The Netburst P4/Xeon chips actually ran slower in 64-bit Operating Systems than they did in 32-bit. You'd get the rest of your RAM but would take a performance hit on the processor. I wouldn't do it.
 
I don't have a P4 but my CPU is from around the same era. I have Vista x64 running on an AMD Opteron 165 (1.8Ghz) with 4 Megs of DDR. It's plenty fast as far as I can tell. Sure, it won't break any benchmark speed records, but it's no slouch either, it's quite snappy and responsive. It mostly runs Photoshop, Dreamweaver, web/email, with the occasional DVD burning and movie watching, and it even handles most games with no problems (though that's mostly because of my video card). So I think you should be OK.
 
If you've got one of the CPUs listed on this page (the P4's that have EM64T support) then you're good to go:

http://www.intel.com/products/processor_number/chart/pentium4.htm

Looks like you may have the 541 or the 640 as those are the two that run at 3.2 GHz natively, so I'll bet you wouldn't have issues at all. The single core aspect will be a bit of a damper on overall performance but it should work fine as you've got 4GB of RAM.

A Pentium D would be far better but that could require a new mobo entirely - if you're using a 541 or a 640, the specs say those are Socket 775 processors so, you could be in luck because Pentium D's are Socket 775 also. See if your mobo supports a Pentium D and perhaps that would give you an upgrade path for better performance, better multitasking because of the dual cores, and a smoother running system overall.

But yes, if your Pentium 4 supports EM64T then get rolling on the 64 bit bandwagon. You'll have a more responsive system and a slight performance bump even when using only 32 bit software, and you'd then have the option for 64 bit computing too. Cool stuff... :D

Good luck...
 
If you've got one of the CPUs listed on this page (the P4's that have EM64T support) then you're good to go:

http://www.intel.com/products/processor_number/chart/pentium4.htm

Looks like you may have the 541 or the 640 as those are the two that run at 3.2 GHz natively, so I'll bet you wouldn't have issues at all. The single core aspect will be a bit of a damper on overall performance but it should work fine as you've got 4GB of RAM.

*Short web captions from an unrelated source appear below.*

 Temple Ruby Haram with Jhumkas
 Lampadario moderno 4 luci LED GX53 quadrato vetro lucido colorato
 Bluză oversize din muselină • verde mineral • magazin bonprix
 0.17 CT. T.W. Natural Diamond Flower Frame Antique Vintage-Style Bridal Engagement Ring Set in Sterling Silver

A Pentium D would be far better but that could require a new mobo entirely - if you're using a 541 or a 640, the specs say those are Socket 775 processors so, you could be in luck because Pentium D's are Socket 775 also. See if your mobo supports a Pentium D and perhaps that would give you an upgrade path for better performance, better multitasking because of the dual cores, and a smoother running system overall.

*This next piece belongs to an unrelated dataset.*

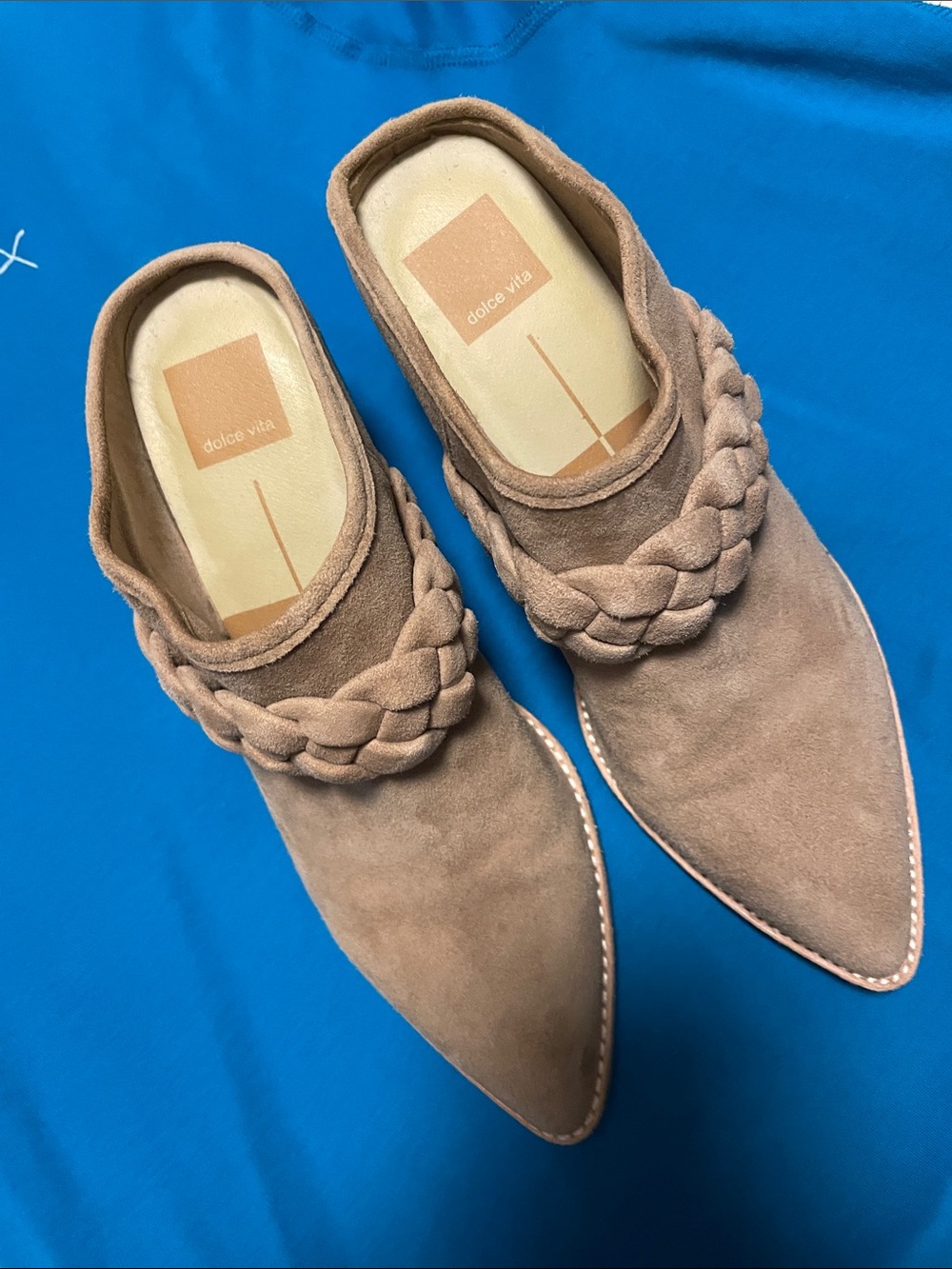 Dolce Vita Tan Braided Suede Pointed Mule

But yes, if your Pentium 4 supports EM64T then get rolling on the 64 bit bandwagon. You'll have a more responsive system and a slight performance bump even when using only 32 bit software, and you'd then have the option for 64 bit computing too. Cool stuff... :D

Good luck...

There's also the

Pentium 4 3.2 (Northwood) socket 478,
Pentium 4 3.2E (Prescott) socket 478
Pentium 4 540 (Prescott) socket 775
Pentium 4 540J (Prescott) socket 775

None of those supported 64-bit.
 
Download this program, unzip it and run it.

Look in the "Instructions" row on the CPU tab. If you don't see anything labeled as 'EM64T' or 'x86-64' then your processor is not 64-bit compatible, therefore Vista 64 will not run on your computer.
 
Assuming your processor has EM64T support 64-bit Vista will run fine.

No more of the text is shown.